The smallest building block of a regular expression is an atom that corresponds directly to one character in the target field. An atom can be one of the following:
- Any alphanumerical character standing for itself. In the serial number example in Using Regular Expressions in the User Dictionary, the 'S' is such an atom.
- Any non-alphanumerical character that is not defined as a meta-character stands for itself. In the serial number example, the '/' is such an atom. Meta-characters have special meanings within regular expressions, such as the asterisk, brackets, or braces in our example. Here is a complete list of meta-characters: '\', '|', '(', ')', '[', ']', '{', '}', '+', '*', '?', '^', '$', '.'.
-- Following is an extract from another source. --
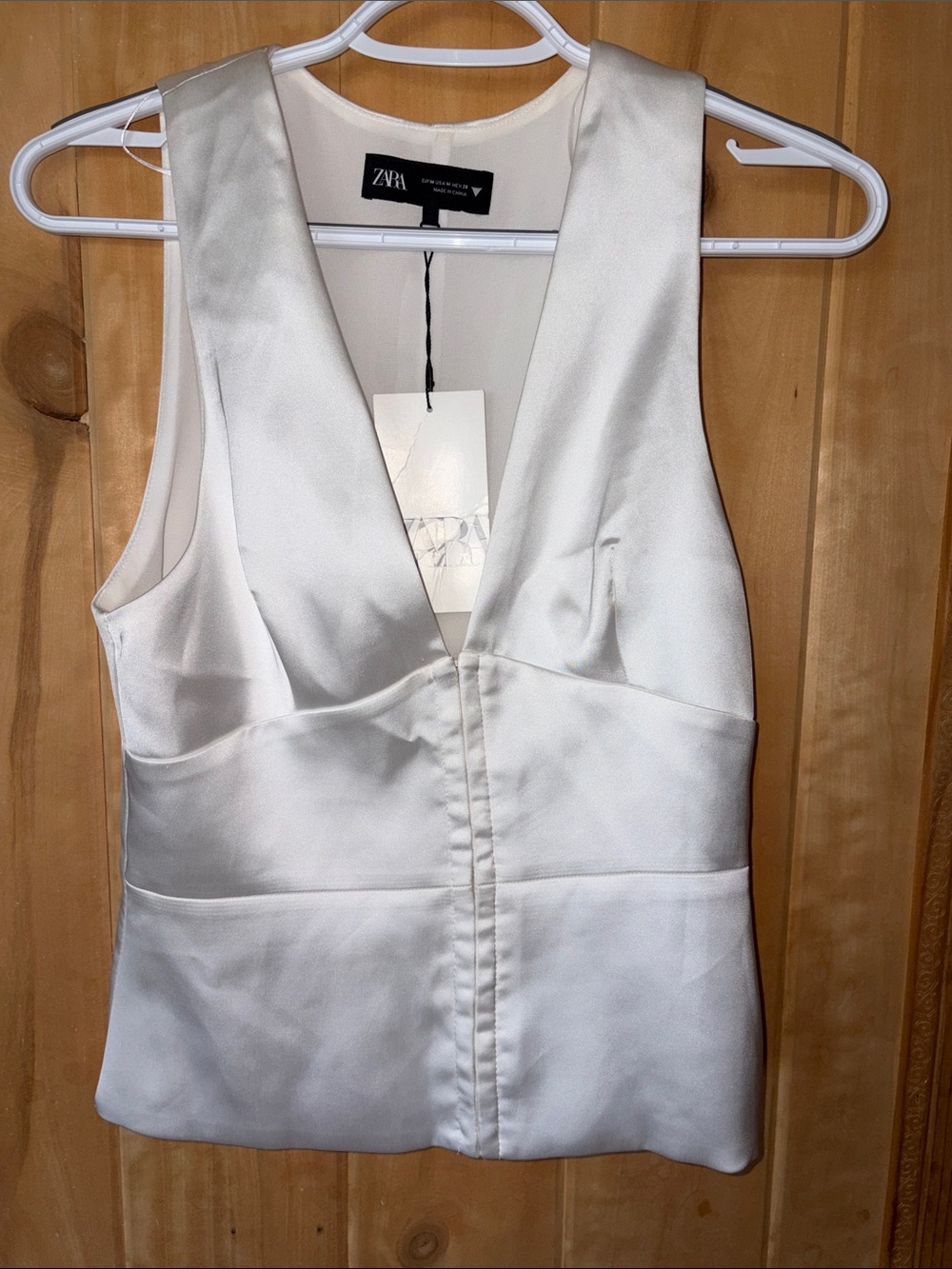 ZARA Off White Satin V-Neck Sleeveless Vest - Picture 3 of 13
- Any meta-character prefixed with a backslash ('\') stands for itself. For example, if you want to specify a decimal point within a number, you must use '\.' rather than a simple dot that would be taken as a meta-character (see below). The same holds for the backslash character itself. You can also prefix any other non-alphanumeric character with a backslash for the same effect when you are not sure if it is a meta-character or not.
- Any character expressed as a backslash character and its 4 digit hexadecimal code stands for itself. For example, '\0041' matches the capital A character only.
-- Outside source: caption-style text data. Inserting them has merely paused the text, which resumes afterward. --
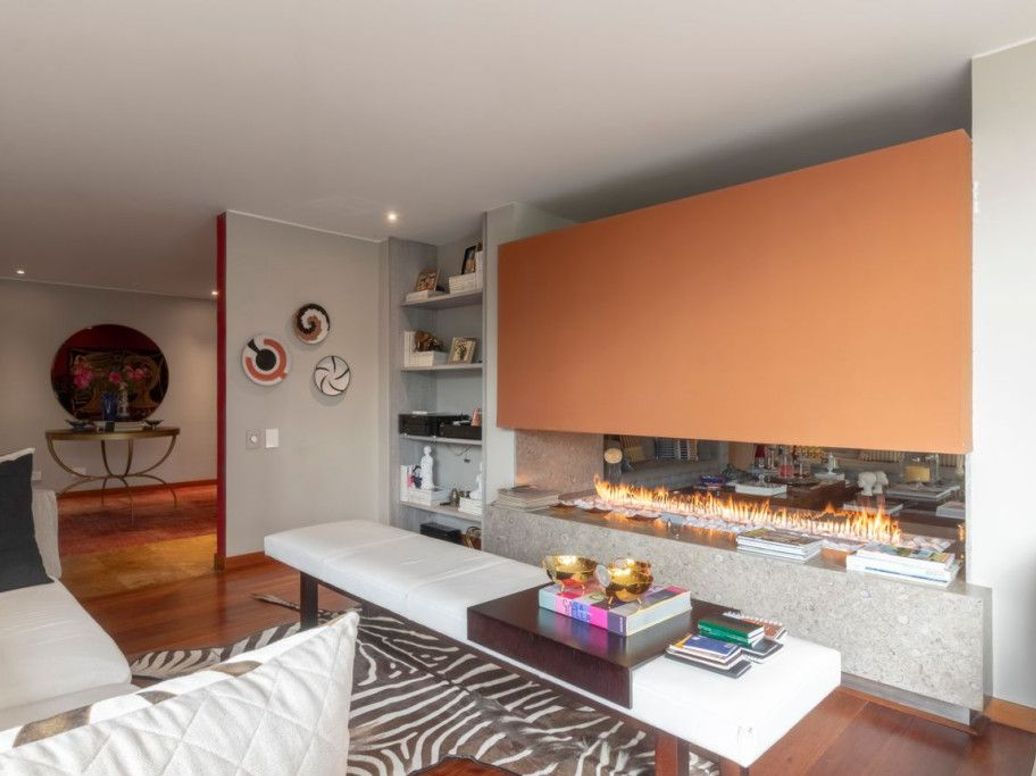 Apartamento de 3 alcobas en venta en El Refugio, Bogotá, 330 m² · foto 5 de 20
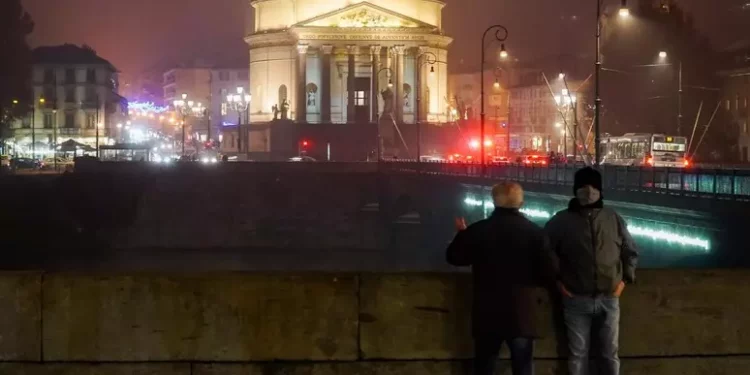 Scontri tra ultrà di Toro e Juve a Torino nella notte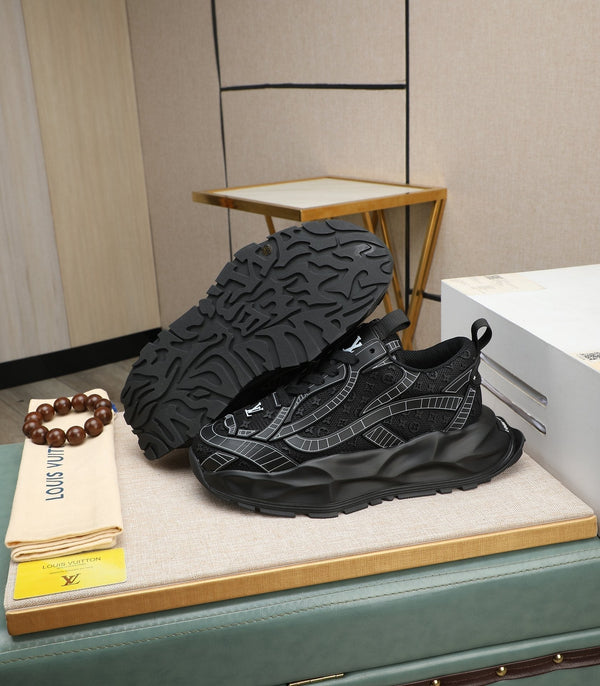 LV TRAINER IN PELLE DI VITELLO NERA E RETE TRASPIRANTE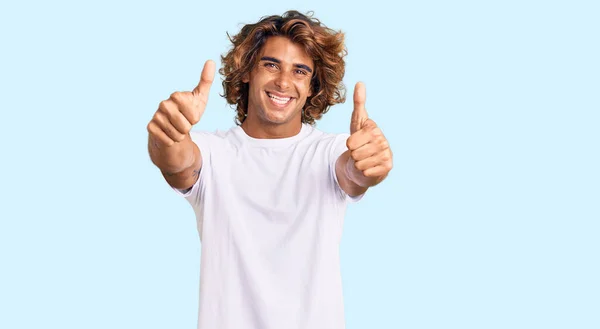 Νεαρός Ισπανός Που Φοράει Λευκό Μπλουζάκι Εγκρίνοντας Κάνει Θετική Χειρονομία — Φωτογραφία Αρχείου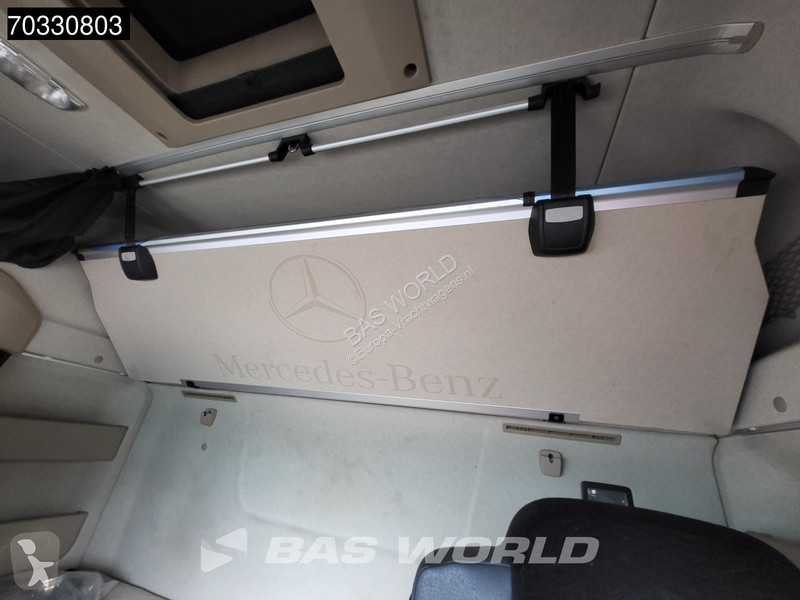 Trekker Mercedes 1843 4X2 BigSpace NL-Truck...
- The dot character '.' stands for any character recognized. This is the wildcard character in regular expressions, similar to the question mark (?) in filenames.
- A user-defined character class stands for any character that is a member of that set. The characters of the set are defined within square brackets. In the serial number example the '[0-9]' is such an atom.
- A pre-defined character class or set stands for any character that is a member of that set. Pre-defined sets are denoted by an alphabetical character prefixed with a backslash, as in '\d'. You can see the list of pre-defined sets in the next section.
Though a portion of a regular expression enclosed within parentheses '( )' can correspond to more than one character in the target field, syntactically we treat it as an atom, so that all operations that can be applied to atoms can also be used with parenthesized regular expressions. See an example for this in the Multipliers topic.